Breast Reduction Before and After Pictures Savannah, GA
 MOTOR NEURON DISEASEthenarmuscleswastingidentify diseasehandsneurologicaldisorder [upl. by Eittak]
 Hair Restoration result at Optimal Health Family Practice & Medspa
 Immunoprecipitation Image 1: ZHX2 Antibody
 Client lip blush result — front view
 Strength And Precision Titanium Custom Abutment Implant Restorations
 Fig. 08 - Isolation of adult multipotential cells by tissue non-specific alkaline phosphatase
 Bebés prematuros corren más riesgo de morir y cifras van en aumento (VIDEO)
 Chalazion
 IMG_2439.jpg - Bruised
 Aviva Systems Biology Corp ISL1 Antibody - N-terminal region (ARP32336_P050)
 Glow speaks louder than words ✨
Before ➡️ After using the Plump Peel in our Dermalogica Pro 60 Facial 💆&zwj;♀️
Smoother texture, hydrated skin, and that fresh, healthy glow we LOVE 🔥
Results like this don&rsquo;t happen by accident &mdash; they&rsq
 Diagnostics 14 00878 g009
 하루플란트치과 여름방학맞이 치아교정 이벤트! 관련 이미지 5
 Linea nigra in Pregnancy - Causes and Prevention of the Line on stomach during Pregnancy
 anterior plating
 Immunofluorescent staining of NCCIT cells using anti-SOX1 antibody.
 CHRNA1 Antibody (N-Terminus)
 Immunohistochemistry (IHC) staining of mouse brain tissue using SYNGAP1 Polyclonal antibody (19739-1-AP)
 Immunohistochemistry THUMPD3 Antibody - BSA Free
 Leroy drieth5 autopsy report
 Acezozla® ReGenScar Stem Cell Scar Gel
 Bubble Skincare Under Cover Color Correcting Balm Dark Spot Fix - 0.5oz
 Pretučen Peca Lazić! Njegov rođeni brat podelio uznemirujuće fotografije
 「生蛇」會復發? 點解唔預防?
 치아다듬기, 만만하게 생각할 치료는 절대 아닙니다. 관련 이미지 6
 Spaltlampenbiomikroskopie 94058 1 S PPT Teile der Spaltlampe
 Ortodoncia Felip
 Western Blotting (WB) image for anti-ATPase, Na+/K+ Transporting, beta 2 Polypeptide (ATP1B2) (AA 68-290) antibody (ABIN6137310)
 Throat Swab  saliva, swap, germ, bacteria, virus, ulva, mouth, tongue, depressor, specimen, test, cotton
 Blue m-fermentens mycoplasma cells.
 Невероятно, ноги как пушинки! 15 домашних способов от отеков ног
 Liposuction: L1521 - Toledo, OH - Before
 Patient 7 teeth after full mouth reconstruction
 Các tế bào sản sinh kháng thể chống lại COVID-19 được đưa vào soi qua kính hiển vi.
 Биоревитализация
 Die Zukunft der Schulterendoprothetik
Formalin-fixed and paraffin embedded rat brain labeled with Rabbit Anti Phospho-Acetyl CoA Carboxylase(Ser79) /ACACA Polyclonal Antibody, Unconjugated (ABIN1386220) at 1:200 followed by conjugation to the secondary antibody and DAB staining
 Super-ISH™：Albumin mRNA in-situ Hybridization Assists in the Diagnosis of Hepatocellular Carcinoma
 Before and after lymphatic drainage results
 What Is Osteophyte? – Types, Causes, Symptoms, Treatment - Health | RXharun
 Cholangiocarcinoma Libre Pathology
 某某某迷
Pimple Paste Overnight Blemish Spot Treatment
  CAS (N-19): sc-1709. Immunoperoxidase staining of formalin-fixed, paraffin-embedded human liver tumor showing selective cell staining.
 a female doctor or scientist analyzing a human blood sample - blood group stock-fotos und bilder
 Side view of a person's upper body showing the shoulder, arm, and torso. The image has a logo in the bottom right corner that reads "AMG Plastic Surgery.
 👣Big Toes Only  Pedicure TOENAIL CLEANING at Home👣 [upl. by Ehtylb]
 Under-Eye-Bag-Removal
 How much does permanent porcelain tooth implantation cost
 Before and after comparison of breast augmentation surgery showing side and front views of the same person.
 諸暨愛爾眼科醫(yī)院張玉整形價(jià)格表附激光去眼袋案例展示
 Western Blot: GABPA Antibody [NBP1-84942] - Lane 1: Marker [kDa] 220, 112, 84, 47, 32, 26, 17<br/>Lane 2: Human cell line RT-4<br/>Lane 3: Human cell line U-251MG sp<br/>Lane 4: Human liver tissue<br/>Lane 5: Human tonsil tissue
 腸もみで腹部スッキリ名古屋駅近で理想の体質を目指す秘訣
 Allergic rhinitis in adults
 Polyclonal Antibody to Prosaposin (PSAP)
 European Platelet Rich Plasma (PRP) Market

##########

■ **PROBLEM TO WORK ON**
Leaving every word in place, output the whole listing above.

■ **ANSWER TO THE PROBLEM**
Breast Reduction Before and After Pictures Savannah, GA
 MOTOR NEURON DISEASEthenarmuscleswastingidentify diseasehandsneurologicaldisorder [upl. by Eittak]
 Hair Restoration result at Optimal Health Family Practice & Medspa
 Immunoprecipitation Image 1: ZHX2 Antibody
 Client lip blush result — front view
 Strength And Precision Titanium Custom Abutment Implant Restorations
 Fig. 08 - Isolation of adult multipotential cells by tissue non-specific alkaline phosphatase
 Bebés prematuros corren más riesgo de morir y cifras van en aumento (VIDEO)
 Chalazion
 IMG_2439.jpg - Bruised
 Aviva Systems Biology Corp ISL1 Antibody - N-terminal region (ARP32336_P050)
 Glow speaks louder than words ✨
Before ➡️ After using the Plump Peel in our Dermalogica Pro 60 Facial 💆&zwj;♀️
Smoother texture, hydrated skin, and that fresh, healthy glow we LOVE 🔥
Results like this don&rsquo;t happen by accident &mdash; they&rsq
 Diagnostics 14 00878 g009
 하루플란트치과 여름방학맞이 치아교정 이벤트! 관련 이미지 5
 Linea nigra in Pregnancy - Causes and Prevention of the Line on stomach during Pregnancy
 anterior plating
 Immunofluorescent staining of NCCIT cells using anti-SOX1 antibody.
 CHRNA1 Antibody (N-Terminus)
 Immunohistochemistry (IHC) staining of mouse brain tissue using SYNGAP1 Polyclonal antibody (19739-1-AP)
 Immunohistochemistry THUMPD3 Antibody - BSA Free
 Leroy drieth5 autopsy report
 Acezozla® ReGenScar Stem Cell Scar Gel
 Bubble Skincare Under Cover Color Correcting Balm Dark Spot Fix - 0.5oz
 Pretučen Peca Lazić! Njegov rođeni brat podelio uznemirujuće fotografije
 「生蛇」會復發? 點解唔預防?
 치아다듬기, 만만하게 생각할 치료는 절대 아닙니다. 관련 이미지 6
 Spaltlampenbiomikroskopie 94058 1 S PPT Teile der Spaltlampe
 Ortodoncia Felip
 Western Blotting (WB) image for anti-ATPase, Na+/K+ Transporting, beta 2 Polypeptide (ATP1B2) (AA 68-290) antibody (ABIN6137310)
 Throat Swab  saliva, swap, germ, bacteria, virus, ulva, mouth, tongue, depressor, specimen, test, cotton
 Blue m-fermentens mycoplasma cells.
 Невероятно, ноги как пушинки! 15 домашних способов от отеков ног
 Liposuction: L1521 - Toledo, OH - Before
 Patient 7 teeth after full mouth reconstruction
 Các tế bào sản sinh kháng thể chống lại COVID-19 được đưa vào soi qua kính hiển vi.
 Биоревитализация
 Die Zukunft der Schulterendoprothetik
Formalin-fixed and paraffin embedded rat brain labeled with Rabbit Anti Phospho-Acetyl CoA Carboxylase(Ser79) /ACACA Polyclonal Antibody, Unconjugated (ABIN1386220) at 1:200 followed by conjugation to the secondary antibody and DAB staining
 Super-ISH™：Albumin mRNA in-situ Hybridization Assists in the Diagnosis of Hepatocellular Carcinoma
 Before and after lymphatic drainage results
 What Is Osteophyte? – Types, Causes, Symptoms, Treatment - Health | RXharun
 Cholangiocarcinoma Libre Pathology
 某某某迷
Pimple Paste Overnight Blemish Spot Treatment
  CAS (N-19): sc-1709. Immunoperoxidase staining of formalin-fixed, paraffin-embedded human liver tumor showing selective cell staining.
 a female doctor or scientist analyzing a human blood sample - blood group stock-fotos und bilder
 Side view of a person's upper body showing the shoulder, arm, and torso. The image has a logo in the bottom right corner that reads "AMG Plastic Surgery.
 👣Big Toes Only  Pedicure TOENAIL CLEANING at Home👣 [upl. by Ehtylb]
 Under-Eye-Bag-Removal
 How much does permanent porcelain tooth implantation cost
 Before and after comparison of breast augmentation surgery showing side and front views of the same person.
 諸暨愛爾眼科醫(yī)院張玉整形價(jià)格表附激光去眼袋案例展示
 Western Blot: GABPA Antibody [NBP1-84942] - Lane 1: Marker [kDa] 220, 112, 84, 47, 32, 26, 17<br/>Lane 2: Human cell line RT-4<br/>Lane 3: Human cell line U-251MG sp<br/>Lane 4: Human liver tissue<br/>Lane 5: Human tonsil tissue
 腸もみで腹部スッキリ名古屋駅近で理想の体質を目指す秘訣
 Allergic rhinitis in adults
 Polyclonal Antibody to Prosaposin (PSAP)
 European Platelet Rich Plasma (PRP) Market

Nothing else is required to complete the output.